For the listing below, the answer is an exact retyping of the lines from the one with "This is possible" through the one with "The number nine clamp", both included, without pictures.

[DATA TO PROCESS]

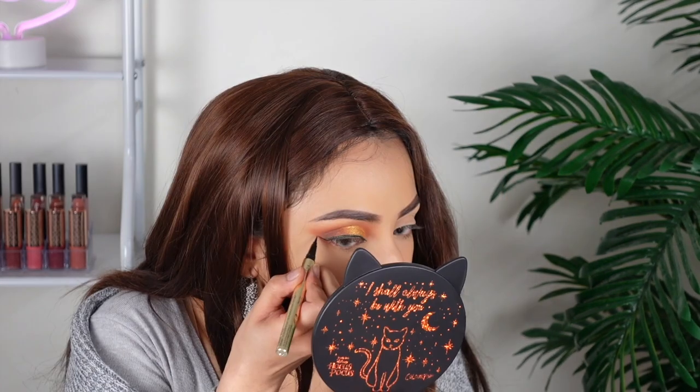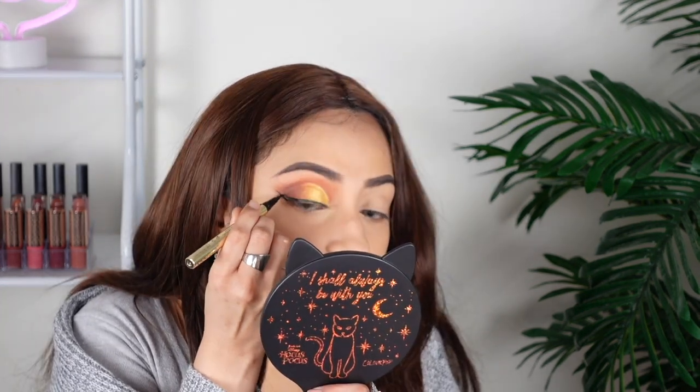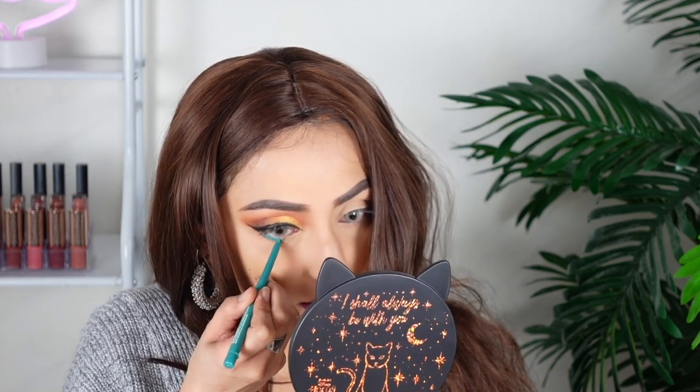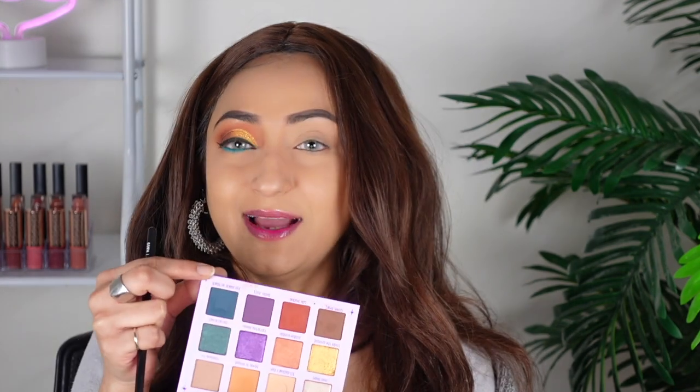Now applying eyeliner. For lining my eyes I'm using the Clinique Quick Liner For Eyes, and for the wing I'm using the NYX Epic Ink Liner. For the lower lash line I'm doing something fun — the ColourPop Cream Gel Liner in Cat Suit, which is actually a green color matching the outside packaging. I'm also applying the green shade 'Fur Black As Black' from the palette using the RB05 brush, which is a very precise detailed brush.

[/DATA TO PROCESS]
[DATA TO PROCESS]

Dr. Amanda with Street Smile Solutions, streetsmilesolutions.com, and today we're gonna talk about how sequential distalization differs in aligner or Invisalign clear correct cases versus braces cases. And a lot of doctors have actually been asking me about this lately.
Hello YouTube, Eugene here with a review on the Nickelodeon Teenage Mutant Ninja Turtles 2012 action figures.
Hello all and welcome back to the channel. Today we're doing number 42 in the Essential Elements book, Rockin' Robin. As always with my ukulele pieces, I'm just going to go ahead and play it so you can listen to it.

[/DATA TO PROCESS]
[DATA TO PROCESS]

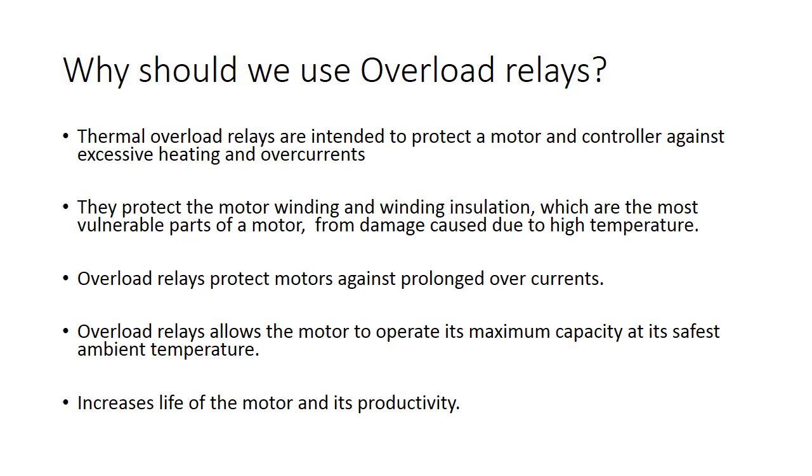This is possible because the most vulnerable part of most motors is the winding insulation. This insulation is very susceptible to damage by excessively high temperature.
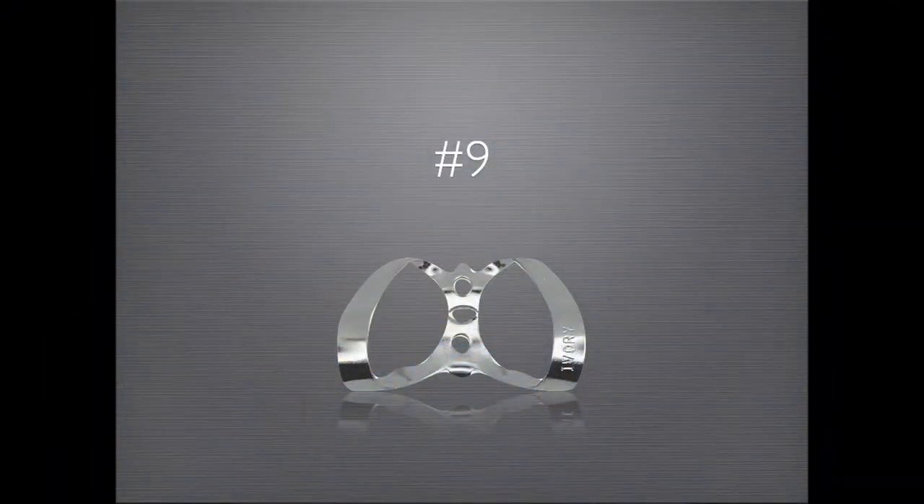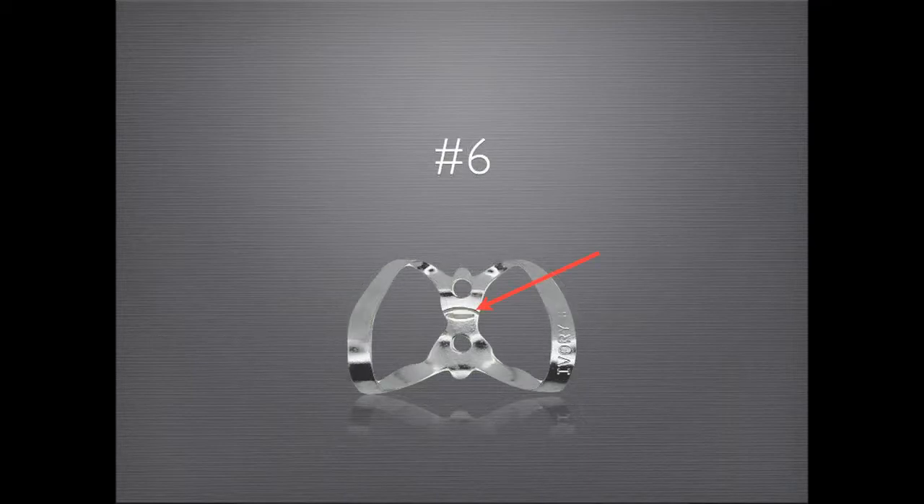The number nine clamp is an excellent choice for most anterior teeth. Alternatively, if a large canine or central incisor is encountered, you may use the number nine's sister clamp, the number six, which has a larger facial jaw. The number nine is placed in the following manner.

[/DATA TO PROCESS]

- [RESULT OF THIS EXERCISE]
This is possible because the most vulnerable part of most motors is the winding insulation. This insulation is very susceptible to damage by excessively high temperature.
The number nine clamp is an excellent choice for most anterior teeth. Alternatively, if a large canine or central incisor is encountered, you may use the number nine's sister clamp, the number six, which has a larger facial jaw. The number nine is placed in the following manner.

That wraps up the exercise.